There's a huge difference between Python and D, though. Python (and its proponents) were targeting amateurs. It will be hard to find a (natural science / tech) student nowadays who hasn't dabbled in Python. So the audience is huge. But D is targeting hard core programmers, and they are naturally much harder to convince, because they know exactly what they want, and what they want it for. If you don't have a convincing "story" (as Paulo said), you're out. (Python on the other hand doesn't need a convincing story, it's used for throw-away scripts and it gives millions of people the feeling that they are "programmers".) What D needs is focus and consistency. Simple as.
September 26, 2019
On Thursday, 26 September 2019 at 13:42:47 UTC, Chris wrote:

> There's a huge difference between Python and D, though. Python (and its proponents) were targeting amateurs. It will be hard to find a (natural science / tech) student nowadays who hasn't dabbled in Python. So the audience is huge. But D is targeting hard core programmers, and they are naturally much harder to convince, because they know exactly what they want, and what they want it for. If you don't have a convincing "story" (as Paulo said), you're out. (Python on the other hand doesn't need a convincing story, it's used for throw-away scripts and it gives millions of people the feeling that they are "programmers".) What D needs is focus and consistency. Simple as.

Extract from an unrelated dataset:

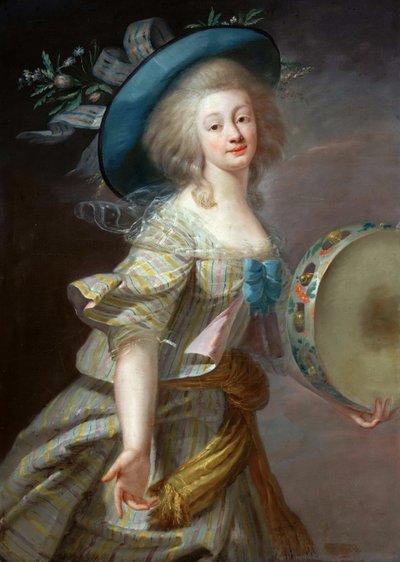 Retrato de una bailarina, c. 1780 de Elisabeth Louise Vigee Lebrun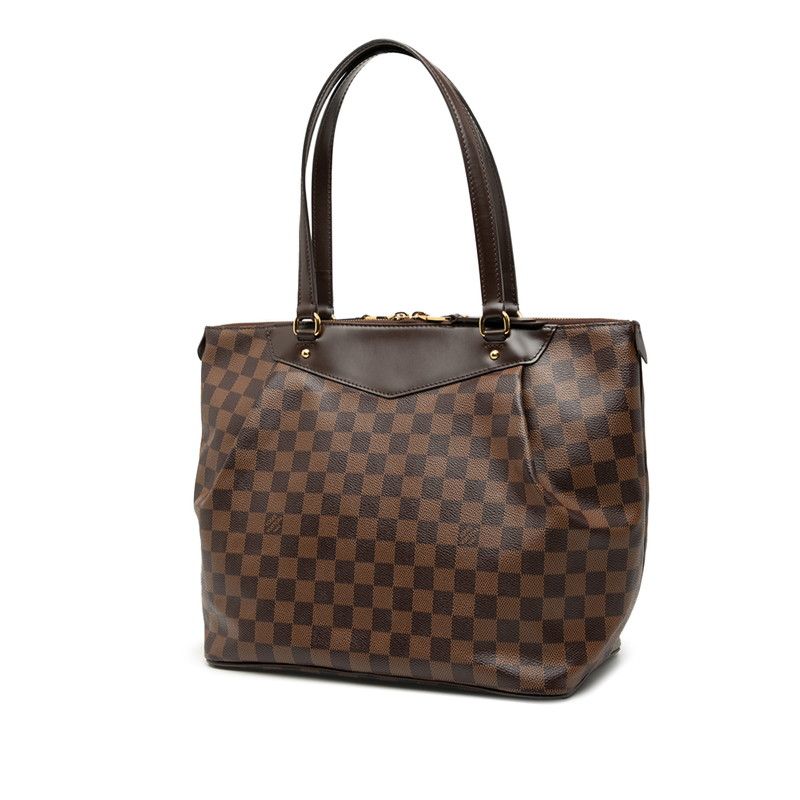 Louis Vuitton Damier Westminster GM Tote Bag Shoulder Bag N41103 Brown PVC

Programmers are obsolete. AI is coming for them.

September 26, 2019
On Thursday, 26 September 2019 at 13:42:47 UTC, Chris wrote:


> (Python on the other hand doesn't need a convincing story, it's used for throw-away scripts and it gives millions of people the feeling that they are "programmers".) What D needs is focus and consistency. Simple as.

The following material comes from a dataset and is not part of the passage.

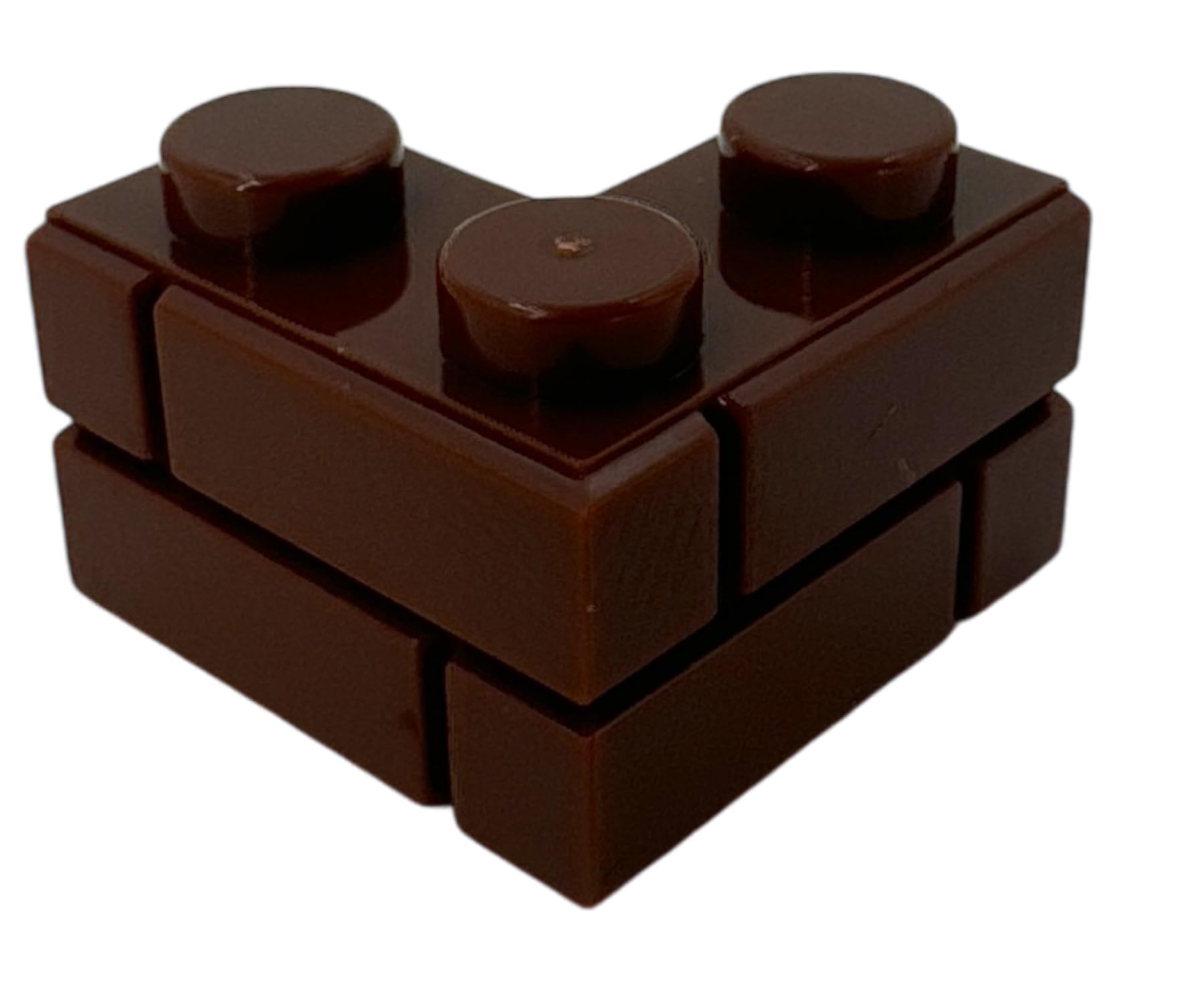 Masonry Profile Bricks 2357 (090 – Marrone) 35 mattoncini angolari da parete angolari, 2 x 2 gommini compatibili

Python is also used for a lot of "real" programming tasks these days. D is perfectly suited for scripts of 200 lines. Moderate-sized programs typically start as small scripts and grow over time. You don't have to convince anyone to switch languages if they start out with D. Neither Walter or Andrei has a scripting background, rather they are from the large-scale enterprise software world, and that led to the current emphasis on that segment. There's no reason the community can't pick up the ball and carry it into other arenas.
September 27, 2019
On Thursday, 26 September 2019 at 16:04:18 UTC, bachmeier wrote:
> On Thursday, 26 September 2019 at 13:42:47 UTC, Chris wrote:
>
>
>> (Python on the other hand doesn't need a convincing story, it's used for throw-away scripts and it gives millions of people the feeling that they are "programmers".) What D needs is focus and consistency. Simple as.
>
> Python is also used for a lot of "real" programming tasks these days. D is perfectly suited for scripts of 200 lines. Moderate-sized programs typically start as small scripts and grow over time. You don't have to convince anyone to switch languages if they start out with D. Neither Walter or Andrei has a scripting background, rather they are from the large-scale enterprise software world, and that led to the current emphasis on that segment. There's no reason the community can't pick up the ball and carry it into other arenas.

Just to add to this, IMO D is far better than Python for scripting type tasks. At work, I write all my scripts in D unless it's prohibitively difficult to do so.